The industrial engineering associations of Castilla y León advocate the imminent reopening of the railway lines located in the European corridors that cross the Community, as well as making the necessary improvements in capacity, operating systems and standards of the current lines in service.
It is about promoting the transport of goods by rail by taking advantage of "the capacity of the lines in service and some infrastructures that are already built, although some of them have been abandoned". In the opinion of the group, it is an "opportunity of great interest" for Castilla y León, since, for example, the recovery of the railway lines linked to the 'Atlantic Corridor', one of the main ones in the Peninsula, is a project that can receive funding from the EU.
If this initiative is carried out, "with a reduced investment, the best alternative for land transport of goods would be put into service, both in economic terms and from an ecological and sustainable point of view," said the industrial engineer and honorary president of the European Association of Railway Workers-Spanish Section, José Cañizares, also a member of the Transport and Logistics Commission of the College of Industrial Engineers of Madrid and founder of Alianza Corredores.eu.
Cañizares has dedicated a large part of its activity in 2021 (European Year of the Railway) to promoting the use of railways, with the aim of contributing to achieving climate neutrality in 2050 established in the European Green Deal. He is one of the experts who participated in the meeting held last Thursday by the Transport Commission of the College of Industrial Engineers of Madrid (Coiim) in Valladolid, collects Ical.
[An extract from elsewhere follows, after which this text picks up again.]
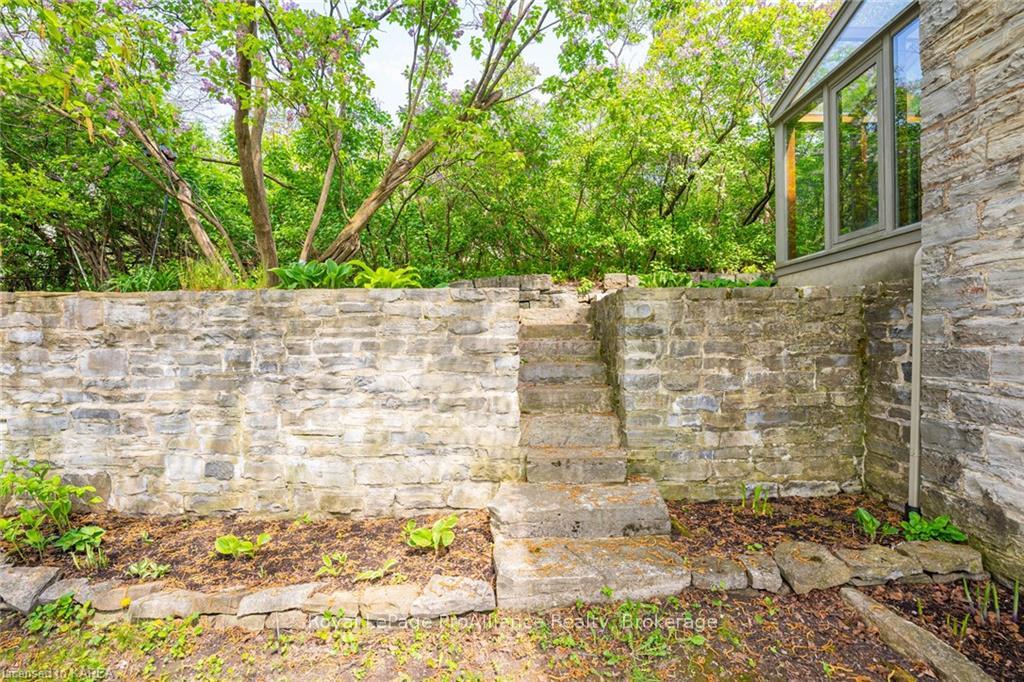 Photo 15 of 230 James Street, Kingston, Kingston East (Incl Barret Crt) — HOMEH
The sector considers that due to its geographical location on the Peninsula, Castilla y León is a "privileged" community that hosts different railway lines of the Basic Network of European Corridors. Among them, for example, those that connect the autonomy with the northern ports (Vigo, A Coruña, Gijón and Bilbao), with Europe through France, with the peninsular east -via Miranda de Ebro- and with the centre. And also, the lines that connect with the Portuguese ports of Aveiro and Oporto (through Salamanca) or with the southwest of the Peninsula through the Vía de la Plata.
In Cañizares' opinion, "Castilla y León has the opportunity to draw up a plan to reopen these lines, which can receive European funding, in order to promote an intermodal transport model in which the railway has a leading role." In this way, he added, the Community "would assume the role that corresponds to it as the logistics power of the Iberian Peninsula, consistent with its size and strategic location."
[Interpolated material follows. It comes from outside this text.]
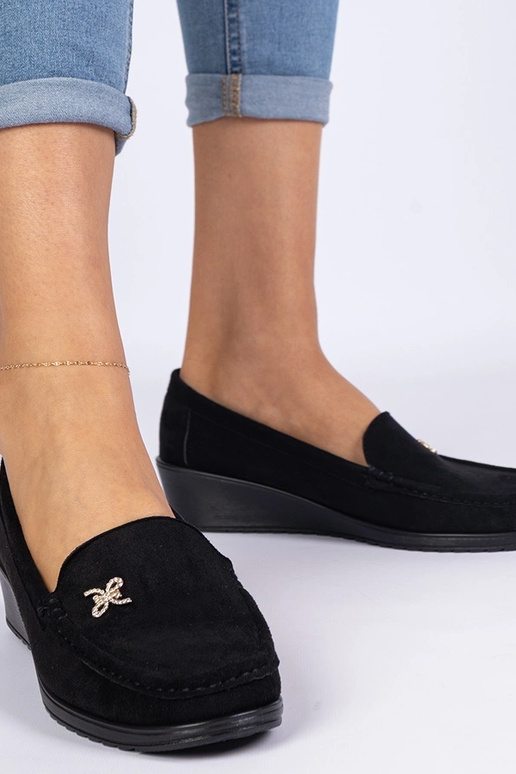 Mustad naiste mokasiinid platvormiga...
To value the option of rail freight transport, the experts from the industrial engineering associations defend, among other initiatives, the implementation of the figure called 'Proximity Railway Operator' (OFP), which has been implemented with notable success in France and, although with some variations, also in Sweden, Germany and the United States.
The implementation of an OFP would make it possible to integrate road and rail formulas through the main logistics centers of the Community. This system would make it possible to offer a more economical and agile service for ‘last mile’ rail routes, which would use both the current rail network and lines with weak traffic or those that have been rehabilitated and are back in service.
Castilla y León currently absorbs around 8% of all of Spain's road freight transport; that is, 143 million tons of the 1,800 million of the entire national territory.